**How to complete this task:**
Your answer should be the lines below from the one with "To My Queen" to the one with "Vrouw - Zwaan", both included, given again exactly and with nothing added.

[Material for the task Boundary: Start]

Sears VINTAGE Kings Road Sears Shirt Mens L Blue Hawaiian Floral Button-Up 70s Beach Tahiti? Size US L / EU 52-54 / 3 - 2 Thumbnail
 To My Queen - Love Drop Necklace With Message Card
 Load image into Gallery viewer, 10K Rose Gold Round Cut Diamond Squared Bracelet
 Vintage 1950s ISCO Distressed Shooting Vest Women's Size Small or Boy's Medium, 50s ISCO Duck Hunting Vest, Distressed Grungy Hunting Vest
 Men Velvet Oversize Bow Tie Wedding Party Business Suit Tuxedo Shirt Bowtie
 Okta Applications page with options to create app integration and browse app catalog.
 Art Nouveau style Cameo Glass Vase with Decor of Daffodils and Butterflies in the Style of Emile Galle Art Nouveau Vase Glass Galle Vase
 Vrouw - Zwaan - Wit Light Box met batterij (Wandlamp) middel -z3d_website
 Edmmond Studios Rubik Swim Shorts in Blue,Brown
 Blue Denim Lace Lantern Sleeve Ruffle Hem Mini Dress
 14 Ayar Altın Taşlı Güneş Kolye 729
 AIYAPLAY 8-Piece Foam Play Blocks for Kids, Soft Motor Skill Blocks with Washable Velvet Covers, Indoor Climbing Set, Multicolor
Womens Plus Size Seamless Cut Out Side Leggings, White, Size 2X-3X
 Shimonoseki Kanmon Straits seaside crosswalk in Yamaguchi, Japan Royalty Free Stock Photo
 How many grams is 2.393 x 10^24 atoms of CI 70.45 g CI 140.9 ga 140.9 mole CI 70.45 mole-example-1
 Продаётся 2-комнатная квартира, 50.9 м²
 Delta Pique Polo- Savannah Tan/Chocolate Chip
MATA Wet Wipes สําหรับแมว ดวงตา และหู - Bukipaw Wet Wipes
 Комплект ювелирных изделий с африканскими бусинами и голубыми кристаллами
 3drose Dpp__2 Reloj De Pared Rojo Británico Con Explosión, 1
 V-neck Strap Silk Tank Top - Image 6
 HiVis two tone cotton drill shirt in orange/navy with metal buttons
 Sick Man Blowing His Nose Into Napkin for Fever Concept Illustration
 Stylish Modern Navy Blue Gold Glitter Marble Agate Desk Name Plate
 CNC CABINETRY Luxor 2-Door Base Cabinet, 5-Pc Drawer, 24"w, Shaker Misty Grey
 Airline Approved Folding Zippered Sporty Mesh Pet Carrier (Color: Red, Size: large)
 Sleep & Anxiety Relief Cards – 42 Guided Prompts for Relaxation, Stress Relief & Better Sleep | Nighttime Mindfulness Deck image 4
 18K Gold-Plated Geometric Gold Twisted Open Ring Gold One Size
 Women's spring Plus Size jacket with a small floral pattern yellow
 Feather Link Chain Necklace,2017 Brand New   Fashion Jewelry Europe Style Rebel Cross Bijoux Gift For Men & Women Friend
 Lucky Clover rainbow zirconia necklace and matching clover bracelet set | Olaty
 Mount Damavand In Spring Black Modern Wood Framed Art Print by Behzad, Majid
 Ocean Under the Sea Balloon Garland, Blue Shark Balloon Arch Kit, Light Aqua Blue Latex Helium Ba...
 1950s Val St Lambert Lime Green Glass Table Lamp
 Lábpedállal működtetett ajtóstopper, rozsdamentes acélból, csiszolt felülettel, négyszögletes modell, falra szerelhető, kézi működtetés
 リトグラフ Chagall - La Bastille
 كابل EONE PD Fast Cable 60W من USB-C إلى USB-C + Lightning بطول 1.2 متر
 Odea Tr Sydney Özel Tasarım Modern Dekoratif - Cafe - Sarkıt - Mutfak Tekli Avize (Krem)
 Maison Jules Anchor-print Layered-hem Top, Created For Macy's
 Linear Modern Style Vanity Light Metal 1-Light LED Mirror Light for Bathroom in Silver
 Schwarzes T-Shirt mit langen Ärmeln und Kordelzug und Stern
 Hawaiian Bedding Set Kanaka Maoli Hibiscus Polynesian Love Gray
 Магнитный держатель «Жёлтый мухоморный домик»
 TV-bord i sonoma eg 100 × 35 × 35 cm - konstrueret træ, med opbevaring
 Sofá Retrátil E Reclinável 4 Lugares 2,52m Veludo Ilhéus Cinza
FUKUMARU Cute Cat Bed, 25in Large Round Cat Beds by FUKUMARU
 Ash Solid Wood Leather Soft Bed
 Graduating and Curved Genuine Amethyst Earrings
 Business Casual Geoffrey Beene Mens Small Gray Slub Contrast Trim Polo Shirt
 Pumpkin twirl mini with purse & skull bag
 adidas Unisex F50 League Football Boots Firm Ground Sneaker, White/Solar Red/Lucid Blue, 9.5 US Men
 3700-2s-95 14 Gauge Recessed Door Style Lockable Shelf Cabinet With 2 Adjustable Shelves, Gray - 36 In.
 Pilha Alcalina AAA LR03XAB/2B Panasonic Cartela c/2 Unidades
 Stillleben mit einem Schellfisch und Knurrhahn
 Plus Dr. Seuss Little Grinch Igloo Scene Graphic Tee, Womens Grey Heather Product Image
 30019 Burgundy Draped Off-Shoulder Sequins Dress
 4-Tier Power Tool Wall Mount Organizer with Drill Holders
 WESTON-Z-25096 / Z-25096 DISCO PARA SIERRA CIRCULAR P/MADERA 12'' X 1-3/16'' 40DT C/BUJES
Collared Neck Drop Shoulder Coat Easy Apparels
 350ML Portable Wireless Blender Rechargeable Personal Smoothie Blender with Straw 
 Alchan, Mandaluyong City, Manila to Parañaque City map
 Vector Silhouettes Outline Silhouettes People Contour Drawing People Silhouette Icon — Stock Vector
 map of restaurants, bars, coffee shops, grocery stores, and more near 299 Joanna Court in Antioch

[Material for the task Boundary: End]

**Response area:**
 To My Queen - Love Drop Necklace With Message Card
 Load image into Gallery viewer, 10K Rose Gold Round Cut Diamond Squared Bracelet
 Vintage 1950s ISCO Distressed Shooting Vest Women's Size Small or Boy's Medium, 50s ISCO Duck Hunting Vest, Distressed Grungy Hunting Vest
 Men Velvet Oversize Bow Tie Wedding Party Business Suit Tuxedo Shirt Bowtie
 Okta Applications page with options to create app integration and browse app catalog.
 Art Nouveau style Cameo Glass Vase with Decor of Daffodils and Butterflies in the Style of Emile Galle Art Nouveau Vase Glass Galle Vase
 Vrouw - Zwaan - Wit Light Box met batterij (Wandlamp) middel -z3d_website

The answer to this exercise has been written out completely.